Filling the shoes of Giorgio Armani is not for the faint of heart, but a slightly less complex task when done by someone who knows his namesake brand from the inside out. That is the case with Silvana Armani, Mr Armani’s niece and the current creative director of womenswear at the Giorgio Armani group, a role she proudly took over after her uncle’s passing in September last year.
Silvana Armani’s first-ever show for the Italian house as solo creative director was Armani Privé Spring Couture 2026, although she has been part of the team for over four decades. Critically praised, the show highlighted lightweight, feminine-centred pieces, adding a touch of ease to often strict couture garments.
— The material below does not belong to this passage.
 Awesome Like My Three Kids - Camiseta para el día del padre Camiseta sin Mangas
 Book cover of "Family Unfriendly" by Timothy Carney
Past the pressure of the debut, Fall/Winter 2026 was the Italian designer’s chance to establish another facet of her own vision for the label. Simple yet elegant, practical yet sophisticated, the collection proved the state of continuity of the brand, without leaving any of Mr Armani’s fundamental work behind.
Giorgio Armani's shows typically follow an order, starting with casual, everyday, and tailored pieces that tend to progress to elaborate garments and eveningwear through both materiality and detailing. This time, a pair of models inaugurated the catwalk, twinning in sharp tailored grey cashmere suits and trousers, which only differed by the animal-themed red brooch each of them carried – beginning with a lion’s head, then a crab, to represent Silvana and Giorgio’s star signs, respectively.
From then on, long coats in wool and silk, classic-cut blazers, and a few knitwear numbers, most of them styled with slouchy, white trousers and a thin burgundy belt, embodied Silvana Armani’s eye for comfort and wearability.
Additional renditions of the same looks, yet in different colours, appeared throughout the show, always presented by a duo of models walking side by side. Mr Armani's signature deep blue shade – the so-called azure tone – materialised in velvet sets, embroidered jumpsuits, kimonos worn over printed trousers, and draped dresses and tops, a reference to the label’s archives and his vigorous use of Eastern Asian motifs.
Inspired by the hues of dawn, the colour palette was delicate. Jade and blush tones, previously seen on couture, made a comeback for ready-to-wear, complemented by burgundy, gradient purples and greys. Silvana Armani’s appointment marks a new chapter at the house, the company's first with a female designer as the creative lead, and desired by those who crave clothes to live in.